Tribunal Administratif de la Guyane — Décision N° TA106-2501640

vendredi 5 décembre 2025

JuridictionTribunal Administratif de la Guyane
SectionTribunal Administratif de la Guyane
N° DossierTA106-2501640
TypeDécision
RecoursExcès de pouvoir
Avocat requérantPIGNEIRA

Résumé IA

Le Tribunal administratif de la Guyane, statuant en référé sur le fondement de l’article L. 521-3 du code de justice administrative, a rejeté la requête de M. A..., ressortissant dominicain, qui demandait des mesures pour garantir l’accès au service public d’accueil des étrangers et une injonction de délivrance d’un rendez-vous pour déposer une demande de titre de séjour. Le juge a estimé que les conclusions relatives à l’organisation du service public ne relevaient pas de sa compétence en référé et que la condition d’urgence n’était pas remplie, faute pour le requérant de démontrer une situation particulière justifiant une intervention rapide. La décision s’appuie sur les dispositions du code de justice administrative et du code de l’entrée et du séjour des étrangers et du droit d’asile.

Texte intégral

Vu la procédure suivante :

Par une requête enregistrée le 2 octobre 2025, M. B... A..., représenté par Me Pigneira, demande au juge des référés, sur le fondement des dispositions de l’article L. 521-3 du code de justice administrative :

1°) de prendre toutes mesures qu'il estimera utiles afin de faire cesser l'inégal accès au service public d'accueil des étrangers souhaitant déposer une demande de titre de séjour, la rupture de la continuité du service public, les atteintes aux droits élémentaires des étrangers souhaitant déposer une demande de carte de séjour ;

2°) d’enjoindre au préfet de la Guyane, sous astreinte de 100 euros par jour de retard à compter de la notification de l'ordonnance à intervenir, de lui délivrer une convocation dans les 15 jours, afin qu'il puisse déposer sa demande de titre de séjour en application des dispositions de l’article L.911-1 du code de justice administrative. ;

3°) de mettre à la charge de l’Etat la somme de 1 500 euros en application des dispositions de l’article L. 761-1 du code de justice administrative, dont distraction à Me Pigneira, conformément aux dispositions de l’article 37 de la loi sur l’aide juridictionnelle (1991).


Il soutient que :
- la condition d’urgence est remplie dès lors que l’impossibilité de déposer une demande de titre de séjour le plonge dans une situation d’extrême précarité administrative, qu’il lui est impossible d’accéder à l’emploi, qu’il est exposé au risque d’être interpellé et éloigné du territoire, et qu’il est dans l’incapacité de bénéficier des droits sociaux de base et de se loger décemment ;
- la mesure sollicitée est utile dès lors que le silence de l’administration auquel il se heurte l’empêche de faire examiner sa demande de titre de séjour ;
- la mesure sollicitée ne fait obstacle à l’exécution d’aucune décision administrative.

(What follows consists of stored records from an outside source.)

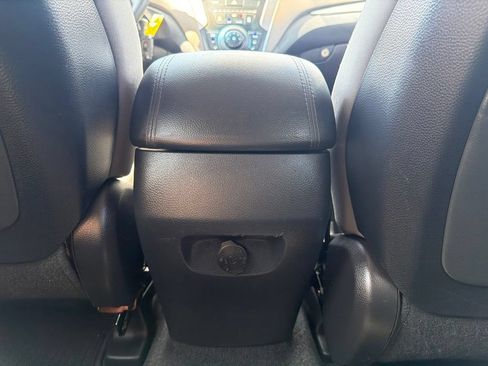 Used 2016 Hyundai Santa Fe Sport FWD image 18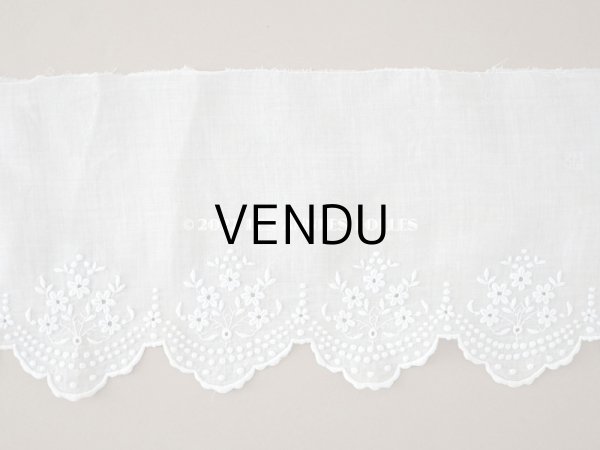 画像2: アンティーク 幅広 花模様のホワイトワークのレース 手刺繍 78cm 幅17cm (2)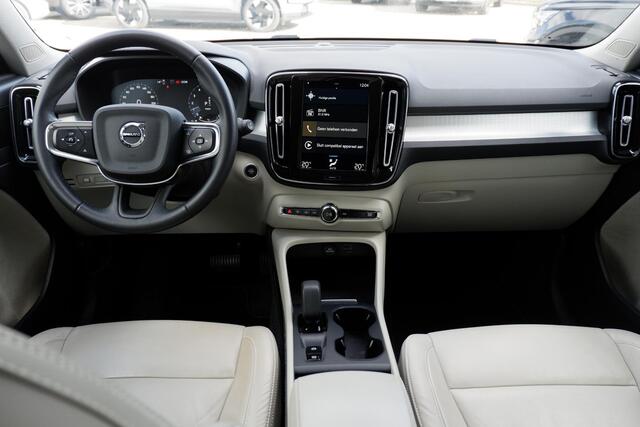 Volvo XC40 T4 Recharge Inscription Expression | Parkeersensoren voor + achter | Parkeercamera | Blond lederen bekleding | Harman Kardon Premium audio | Navigatie | Cruise Control | Volvo on Call | Dealeronderhouden
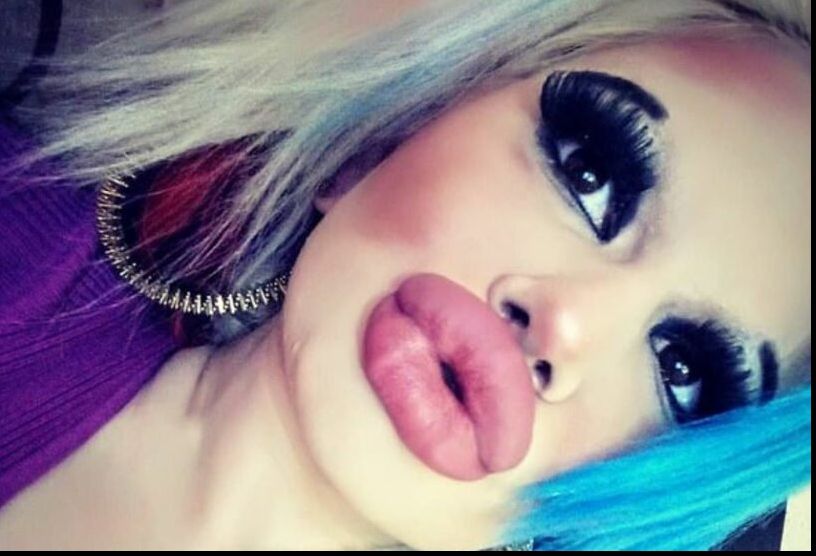 O studentă din Bulgaria vrea să bată recordul mondial la categoria "buze de Barbie"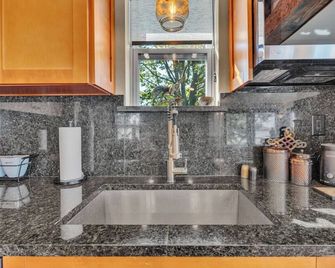 Downs By The River 2 Bedrooms 1 Bathroom - Prince Frederick - Küche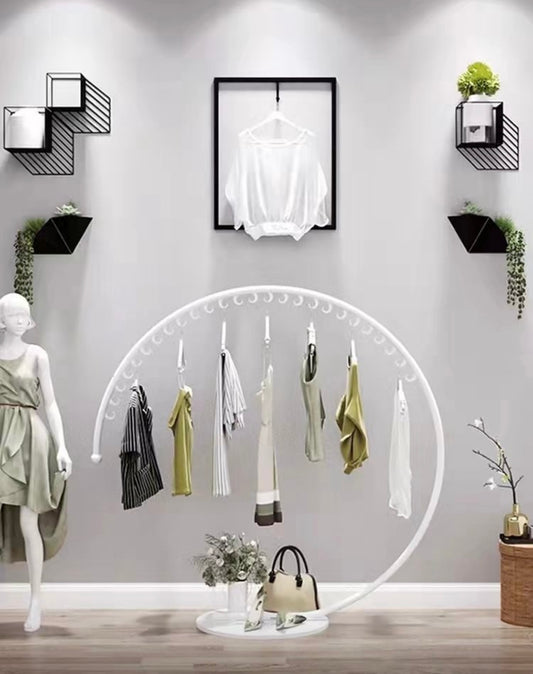 Modern Circular Clothes Hanger Rack - Space-Saving Garment Display Stand with Sturdy Base for Bedroom, Boutique, Retail Store - Durable Metal Clothing Organizer.
حامل تعليق ملابس دائري حديث - حامل عرض ملابس موفر للمساحة مع قاعدة متينة لغرفة النوم والبوتيك ومتجر التجزئة - منظم ملابس معدني متين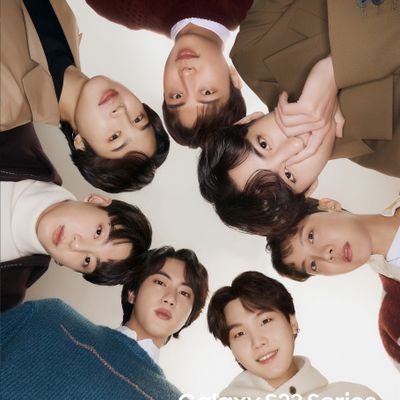 BTS  fan account  투표용 계정🙆‍♀️
딱 하나 방탄소년단 BTS를 위해서 시작했어요. 툽,스밍하고 방탄소년단 손잡고 달리는 아미만 사랑합니다. 💜💜only OT7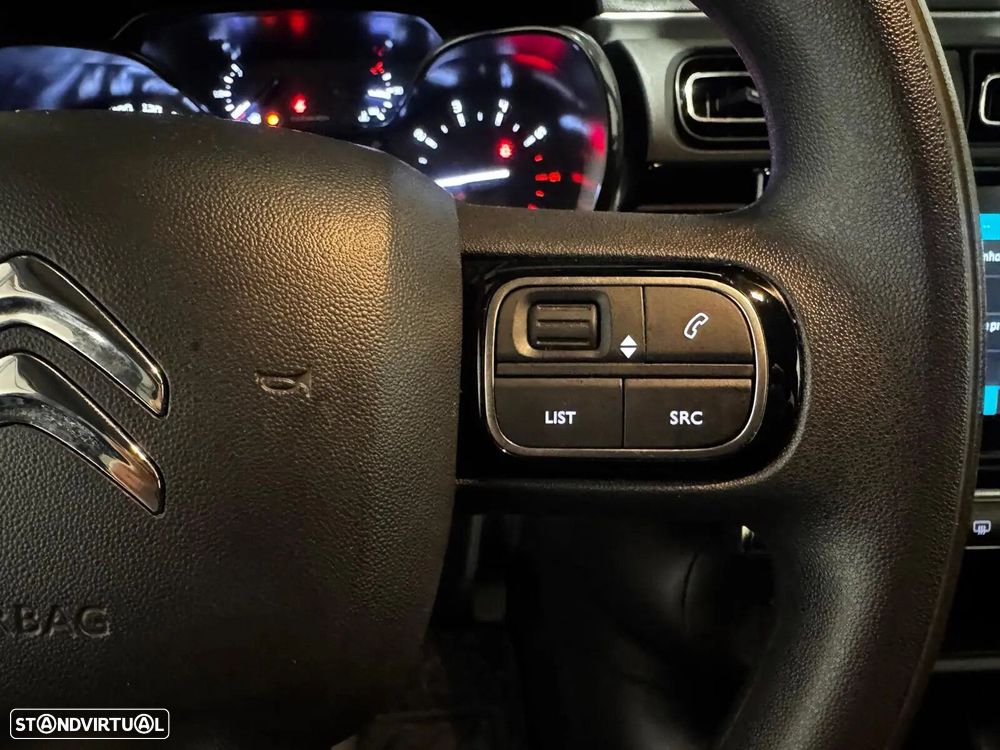 Citroën C3 1.2 PureTech Shine - 26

La requête a été communiquée le 6 octobre 2025 au préfet de la Guyane, qui n’a pas produit d’observations.


Vu les autres pièces du dossier.


Vu :
-la convention de sauvegarde des droits de l'homme et des libertés fondamentales ;
- le code de l’entrée et du séjour des étrangers et du droit d’asile ;
- le code de justice administrative.


Considérant ce qui suit :


Aux termes de l’article L. 521-3 du code de justice administrative : « En cas d’urgence et sur simple requête qui sera recevable même en l’absence de décision administrative préalable, le juge des référés peut ordonner toutes autres mesures utiles sans faire obstacle à l’exécution d’aucune décision administrative. ».


En premier lieu, le requérant demande au juge des référés de prendre toutes mesures utiles afin de faire cesser, d’une part, l’inégal accès au service public d’accueil des étrangers souhaitant déposer une demande d’admission au séjour, d’autre part, la rupture de la continuité du service public et, enfin, les atteintes aux droits élémentaires des étrangers souhaitant déposer une demande d’admission au séjour. De telles conclusions, en ce qu’elles relèvent de l’organisation même des services de la préfecture, ne sont pas au nombre de celles qu’il appartient au juge des référés, statuant sur le fondement de l’article L. 521-3 du code de justice administrative, d’ordonner.

En deuxième lieu, pour solliciter une injonction à ce que le préfet lui délivre une convocation en vue de déposer sa demande de titre de séjour, M. A..., ressortissant dominicain né en 1984, se prévaut de l’ancienneté de son séjour en France et de ce qu’il est le père d’un enfant mineur scolarisé sur le territoire. Toutefois, l’intéressé n’établit pas, par les pièces qu’il verse, résider de manière ininterrompue sur le territoire français depuis sa date d’entrée alléguée en 2015. Par ailleurs, en se bornant à produire des certificats de scolarité, qui indiquent que son fils est domicilié et scolarisé à Dijon, le requérant ne démontre pas participer à l’entretien et l’éducation de ce dernier. Enfin, si M. A... fait valoir qu’il lui est impossible d’accéder à l’emploi et qu’il est placé dans une situation d’extrême précarité administrative, l’intéressé se limite sur ces points à invoquer des considérations générales, alors qu’il ne ressort pas des pièces du dossier qu’il justifie de circonstances particulières caractérisant la nécessité pour lui d’obtenir un rendez-vous rapidement. Par suite, la condition d’urgence posée par les dispositions précitées de l’article L. 521-3 du code de justice administrative n’est pas remplie.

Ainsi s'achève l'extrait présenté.